Pandangan tersebut mengemuka dalam diskusi dialektika demokrasi berjudul ‘Rokok, Pajak dan Nasib Petani Tembakau’ di Gedung DPR RI Jakarta, Kamis (25/8/2016). Hadir dalam diskusi ini Anggota Komisi XI DPR RI Mokhamad Misbakhun, politisi Partai Gerindra Heri Gunawan, Pimpinan Pergerakan Perlawanan Petani Tembakau dari LIPI Mohamad Sobary, dan Ketua Asosiasi Petani Tembakau Indonesia (APTI) Pamudji.
Misbakhun menengarai survei kenaikan rokok menjadi Rp 50 ribu/bungkus yang diprakarsai oleh Universitas Indonesia (UI) untuk kepentingan asing, dan terbukti dibiayai oleh Bloomberg sekitar Rp 4,5 miliar.

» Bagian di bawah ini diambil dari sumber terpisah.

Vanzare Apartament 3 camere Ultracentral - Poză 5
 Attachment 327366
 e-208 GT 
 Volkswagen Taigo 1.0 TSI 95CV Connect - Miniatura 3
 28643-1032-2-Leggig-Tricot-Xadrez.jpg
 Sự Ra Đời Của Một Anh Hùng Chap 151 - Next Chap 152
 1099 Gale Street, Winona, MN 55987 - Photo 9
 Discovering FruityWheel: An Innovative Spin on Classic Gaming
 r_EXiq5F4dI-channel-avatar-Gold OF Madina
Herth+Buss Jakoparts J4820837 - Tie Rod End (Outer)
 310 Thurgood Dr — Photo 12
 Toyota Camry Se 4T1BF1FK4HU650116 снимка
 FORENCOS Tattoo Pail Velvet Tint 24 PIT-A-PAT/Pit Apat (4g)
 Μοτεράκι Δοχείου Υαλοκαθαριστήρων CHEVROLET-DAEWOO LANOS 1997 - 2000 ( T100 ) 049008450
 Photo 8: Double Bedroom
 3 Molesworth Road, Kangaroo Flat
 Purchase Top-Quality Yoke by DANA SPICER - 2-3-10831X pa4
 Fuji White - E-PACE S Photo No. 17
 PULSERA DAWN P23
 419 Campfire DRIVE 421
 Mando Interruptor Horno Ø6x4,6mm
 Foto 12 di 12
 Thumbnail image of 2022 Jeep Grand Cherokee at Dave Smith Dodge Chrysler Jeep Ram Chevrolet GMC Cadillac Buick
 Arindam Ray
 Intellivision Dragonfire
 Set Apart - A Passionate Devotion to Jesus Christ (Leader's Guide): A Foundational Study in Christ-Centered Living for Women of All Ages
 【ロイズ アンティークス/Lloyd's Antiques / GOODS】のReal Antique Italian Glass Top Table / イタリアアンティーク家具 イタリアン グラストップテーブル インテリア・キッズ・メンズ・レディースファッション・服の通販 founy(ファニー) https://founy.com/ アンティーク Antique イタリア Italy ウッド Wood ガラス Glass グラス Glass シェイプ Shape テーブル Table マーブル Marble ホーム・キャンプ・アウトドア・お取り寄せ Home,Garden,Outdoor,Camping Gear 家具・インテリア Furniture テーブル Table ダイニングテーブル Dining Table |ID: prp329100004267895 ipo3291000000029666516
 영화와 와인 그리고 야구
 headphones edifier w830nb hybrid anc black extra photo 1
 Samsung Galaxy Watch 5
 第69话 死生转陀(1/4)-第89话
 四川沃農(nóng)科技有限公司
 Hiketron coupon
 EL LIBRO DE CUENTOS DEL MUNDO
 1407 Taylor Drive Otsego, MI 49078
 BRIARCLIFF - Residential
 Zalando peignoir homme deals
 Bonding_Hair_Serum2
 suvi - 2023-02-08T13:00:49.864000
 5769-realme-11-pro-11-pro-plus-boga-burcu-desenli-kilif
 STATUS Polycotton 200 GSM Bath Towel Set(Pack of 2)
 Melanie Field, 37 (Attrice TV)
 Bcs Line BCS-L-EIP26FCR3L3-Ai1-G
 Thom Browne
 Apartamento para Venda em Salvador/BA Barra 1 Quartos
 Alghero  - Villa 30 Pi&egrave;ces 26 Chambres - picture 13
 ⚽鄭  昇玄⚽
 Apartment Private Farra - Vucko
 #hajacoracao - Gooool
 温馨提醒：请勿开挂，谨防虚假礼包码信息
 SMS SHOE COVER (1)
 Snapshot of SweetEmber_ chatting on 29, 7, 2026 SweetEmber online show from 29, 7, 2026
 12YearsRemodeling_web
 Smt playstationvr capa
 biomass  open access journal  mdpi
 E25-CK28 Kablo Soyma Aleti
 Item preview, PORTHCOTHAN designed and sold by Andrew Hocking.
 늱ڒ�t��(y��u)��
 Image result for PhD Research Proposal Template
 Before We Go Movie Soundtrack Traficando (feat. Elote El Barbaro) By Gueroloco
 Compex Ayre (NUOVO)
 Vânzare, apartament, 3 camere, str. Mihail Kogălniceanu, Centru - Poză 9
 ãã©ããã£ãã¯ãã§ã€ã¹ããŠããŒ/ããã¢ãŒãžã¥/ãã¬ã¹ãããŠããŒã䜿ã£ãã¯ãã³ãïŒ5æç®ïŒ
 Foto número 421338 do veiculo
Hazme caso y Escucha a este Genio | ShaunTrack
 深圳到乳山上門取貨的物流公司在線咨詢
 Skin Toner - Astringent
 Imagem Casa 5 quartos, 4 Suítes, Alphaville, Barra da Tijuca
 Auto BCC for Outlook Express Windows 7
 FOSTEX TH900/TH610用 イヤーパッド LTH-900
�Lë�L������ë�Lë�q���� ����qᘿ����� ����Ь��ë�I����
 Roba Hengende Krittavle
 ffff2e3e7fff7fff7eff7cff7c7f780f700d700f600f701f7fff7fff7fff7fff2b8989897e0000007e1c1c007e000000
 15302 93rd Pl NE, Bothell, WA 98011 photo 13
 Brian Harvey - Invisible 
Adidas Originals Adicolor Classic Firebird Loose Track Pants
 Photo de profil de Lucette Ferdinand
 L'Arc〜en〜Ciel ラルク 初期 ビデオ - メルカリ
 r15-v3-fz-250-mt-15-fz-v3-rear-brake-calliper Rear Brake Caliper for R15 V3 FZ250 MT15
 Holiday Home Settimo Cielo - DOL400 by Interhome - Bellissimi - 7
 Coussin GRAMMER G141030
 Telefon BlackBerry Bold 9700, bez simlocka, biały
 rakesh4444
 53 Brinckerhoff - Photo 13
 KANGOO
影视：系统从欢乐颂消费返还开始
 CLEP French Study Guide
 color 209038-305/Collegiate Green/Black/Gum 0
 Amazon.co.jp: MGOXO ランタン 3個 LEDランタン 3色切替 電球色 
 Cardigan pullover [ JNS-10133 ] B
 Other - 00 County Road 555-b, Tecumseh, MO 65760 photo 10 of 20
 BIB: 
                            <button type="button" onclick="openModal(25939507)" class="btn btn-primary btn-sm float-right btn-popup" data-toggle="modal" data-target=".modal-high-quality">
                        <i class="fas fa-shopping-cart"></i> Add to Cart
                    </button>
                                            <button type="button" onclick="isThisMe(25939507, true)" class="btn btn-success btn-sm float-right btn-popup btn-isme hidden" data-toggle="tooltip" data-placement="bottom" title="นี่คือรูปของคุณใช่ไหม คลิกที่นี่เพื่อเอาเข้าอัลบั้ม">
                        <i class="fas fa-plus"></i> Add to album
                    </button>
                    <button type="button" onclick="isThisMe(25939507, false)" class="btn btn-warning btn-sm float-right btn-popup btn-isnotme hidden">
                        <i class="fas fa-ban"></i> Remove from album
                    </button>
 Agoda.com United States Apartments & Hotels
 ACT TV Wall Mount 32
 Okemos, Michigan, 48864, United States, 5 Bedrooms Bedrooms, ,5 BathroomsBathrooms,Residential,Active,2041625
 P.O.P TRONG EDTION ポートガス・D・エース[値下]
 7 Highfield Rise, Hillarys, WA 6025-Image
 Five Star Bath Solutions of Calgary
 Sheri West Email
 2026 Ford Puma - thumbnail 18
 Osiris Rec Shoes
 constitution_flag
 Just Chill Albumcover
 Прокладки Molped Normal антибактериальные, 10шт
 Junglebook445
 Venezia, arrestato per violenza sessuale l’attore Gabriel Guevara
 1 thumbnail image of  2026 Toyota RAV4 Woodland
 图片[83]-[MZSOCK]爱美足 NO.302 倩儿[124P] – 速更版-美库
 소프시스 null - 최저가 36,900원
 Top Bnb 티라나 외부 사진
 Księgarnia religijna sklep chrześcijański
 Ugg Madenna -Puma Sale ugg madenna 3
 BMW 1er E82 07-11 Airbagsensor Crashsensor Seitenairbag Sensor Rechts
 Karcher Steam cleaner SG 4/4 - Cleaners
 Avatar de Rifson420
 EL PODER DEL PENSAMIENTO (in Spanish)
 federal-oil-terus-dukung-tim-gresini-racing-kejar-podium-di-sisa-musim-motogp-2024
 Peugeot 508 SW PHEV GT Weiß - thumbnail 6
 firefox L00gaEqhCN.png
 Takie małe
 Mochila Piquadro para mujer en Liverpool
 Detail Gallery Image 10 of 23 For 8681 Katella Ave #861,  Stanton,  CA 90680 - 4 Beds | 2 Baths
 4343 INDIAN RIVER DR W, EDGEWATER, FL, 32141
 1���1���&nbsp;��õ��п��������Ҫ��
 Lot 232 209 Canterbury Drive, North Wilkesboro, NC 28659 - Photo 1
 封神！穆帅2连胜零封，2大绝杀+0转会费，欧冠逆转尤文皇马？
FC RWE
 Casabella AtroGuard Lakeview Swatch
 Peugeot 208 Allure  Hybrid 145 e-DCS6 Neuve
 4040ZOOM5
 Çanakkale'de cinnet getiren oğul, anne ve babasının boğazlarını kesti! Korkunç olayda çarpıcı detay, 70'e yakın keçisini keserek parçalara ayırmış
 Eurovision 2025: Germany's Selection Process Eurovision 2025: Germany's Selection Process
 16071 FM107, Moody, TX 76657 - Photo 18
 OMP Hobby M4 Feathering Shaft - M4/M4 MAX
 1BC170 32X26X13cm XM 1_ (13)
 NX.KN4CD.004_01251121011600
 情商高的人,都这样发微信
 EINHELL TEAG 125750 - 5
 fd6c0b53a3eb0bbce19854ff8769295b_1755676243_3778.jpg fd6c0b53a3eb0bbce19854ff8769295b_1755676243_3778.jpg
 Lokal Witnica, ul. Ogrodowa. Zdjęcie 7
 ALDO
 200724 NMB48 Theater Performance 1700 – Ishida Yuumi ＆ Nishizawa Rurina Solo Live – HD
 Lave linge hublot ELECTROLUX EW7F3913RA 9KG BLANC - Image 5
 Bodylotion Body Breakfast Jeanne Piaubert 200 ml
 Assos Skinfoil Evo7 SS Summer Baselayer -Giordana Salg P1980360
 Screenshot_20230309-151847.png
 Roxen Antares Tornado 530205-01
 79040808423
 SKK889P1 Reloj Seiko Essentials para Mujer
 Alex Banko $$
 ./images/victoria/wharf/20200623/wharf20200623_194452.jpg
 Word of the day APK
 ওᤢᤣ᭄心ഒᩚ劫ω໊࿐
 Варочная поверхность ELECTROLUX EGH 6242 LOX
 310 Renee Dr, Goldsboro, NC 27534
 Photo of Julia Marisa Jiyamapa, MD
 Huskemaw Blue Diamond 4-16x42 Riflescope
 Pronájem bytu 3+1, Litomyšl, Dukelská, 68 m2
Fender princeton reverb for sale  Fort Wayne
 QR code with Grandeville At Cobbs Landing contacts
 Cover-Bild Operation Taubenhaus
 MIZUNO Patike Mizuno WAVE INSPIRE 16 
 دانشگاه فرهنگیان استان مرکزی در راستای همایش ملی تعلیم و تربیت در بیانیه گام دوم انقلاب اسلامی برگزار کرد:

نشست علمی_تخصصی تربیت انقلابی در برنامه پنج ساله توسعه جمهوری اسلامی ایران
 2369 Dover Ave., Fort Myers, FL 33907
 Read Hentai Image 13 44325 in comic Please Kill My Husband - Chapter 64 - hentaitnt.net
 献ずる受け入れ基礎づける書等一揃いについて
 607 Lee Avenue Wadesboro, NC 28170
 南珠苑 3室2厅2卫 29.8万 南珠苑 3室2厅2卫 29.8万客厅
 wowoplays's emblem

Menyikapi hal tersebut, lanjut dia, pemerintah harus hati-hati mengambil kebijakan, dengan tidak hanya mendasarkan kepada survei segelintir orang dan dibiayai asing.
“Dampak dari harga rokok Rp 50 ribu/bungkus sangat luas. Yang (terdampak) sebanyak 6,2 juta orang. (Di dalamnya) menyangkut petani, anak istri, keluarga, buruh pabrik, pedagang asongan dan sebagainya. Selama ini kontribusi rokok kepada negara sangat besar, yaitu Rp 145 triliun. Jadi, pemerintah harus bijaksana karena rokok itu menyangkut hajat hidup orang banyak," papar Misbakhun.
Menurutnya, setiap kenaikan cukai tidak selalu identik dengan penerimaan negara, karena selalu lahir banyak pabrik rokok ilegal.
“Lalu kenapa isu ini diopinikan seolah-olah tak ada kepentingan tembakau di Indonesia. Untuk itu DPR membahas RUU Pertembakaun guna menjaga kepentingan petani tembakau,” tegasnya.
Sementara itu, Heri Gunawan menganggap, isu harga rokok Rp 50 ribu/bungkus akan memicu gonjang-ganjing politik. Sebab, isu ini merupakan bentuk kepanikan pemerintah dengan langsung merespons hasil survei UI tentang harga rokok. Padahal, jumlah rokok ilegal yang beredar mencapai 11 %.
“Pabrikan rokok kita dulu mencapai 4.600-an, tapi kini tinggal 700-an,” terang Waketum HKTI ini.
Pertanyaannya, kata Heri, apakah dengan berkurangnya pabrikan itu lalu jumlah perokok dan rokok berkurang?
Selanjutnya, Heri khawatir isu kenaikan rokok sebagai tes di masyarakat di tengah kebuntuan pendapatan pajak dan defisit anggaran. Pajak dari cukai rokok mencapai Rp 146 triliun (2015-2016), sementara dari 100 BUMN hanya menperoleh Rp 30 triliun.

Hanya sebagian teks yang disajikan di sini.